Want dat is waar het in ‘Das Licht’ eigenlijk allemaal om draait. Wat Stockhasuen schiep is een tijdloze mythe over de grondslagen van het leven op aarde, gezien vanuit het universum. Of zoals hij het zelf zegt: “Mijn theater vertelt een algemeen geldend verhaal: het verhaal van het menselijke bestaan, alleen dat fascineert me en houdt me bezig. Het dramatische genre dat me interesseert gaat over kosmische krachten en principes van de geest die zich materialiseren en manifest worden.” De muziek mag dan modern zijn, Stockhausen was zijn gehele leven meer dan gefascineerd door muziek uit andere culturen dan de onze en zag als geen ander de raakvlakken.
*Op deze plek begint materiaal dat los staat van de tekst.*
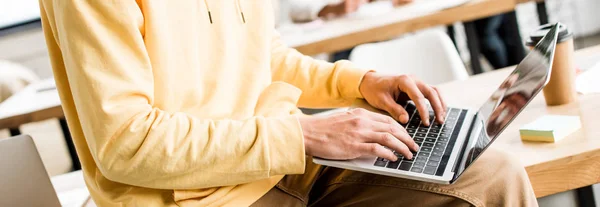 Обрезанный вид молодого бизнесмена, работающего на ноутбуке в офисе, панорамный снимок — стоковое фото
In ‘Michael’s Reise um die Erde’, een volledig instrumentaal deel waarin we Michael alleen op trompet horen, prachtig verklankt door Jerome Burns, maken we met hem een reis om de aarde. Te zien als een soort van initiatie en proces van volwassenwording. En natuurlijk stapt Stockhausen niet in de valkuil om elementen van de Indiase muziek in ‘India’ te proppen en Afrikaanse in ‘Centraal-Afrika’, dat was zijn eer te na. Nee, de muziek is typisch Stockhausen, altijd doortrokken van een veelvoud van invloeden. Schitterend en niet gespeend van humor is het duet tussen de trompet en de bassethoorn, de liefdesbetuigingen tussen Michael en Mond Eva aan het einde.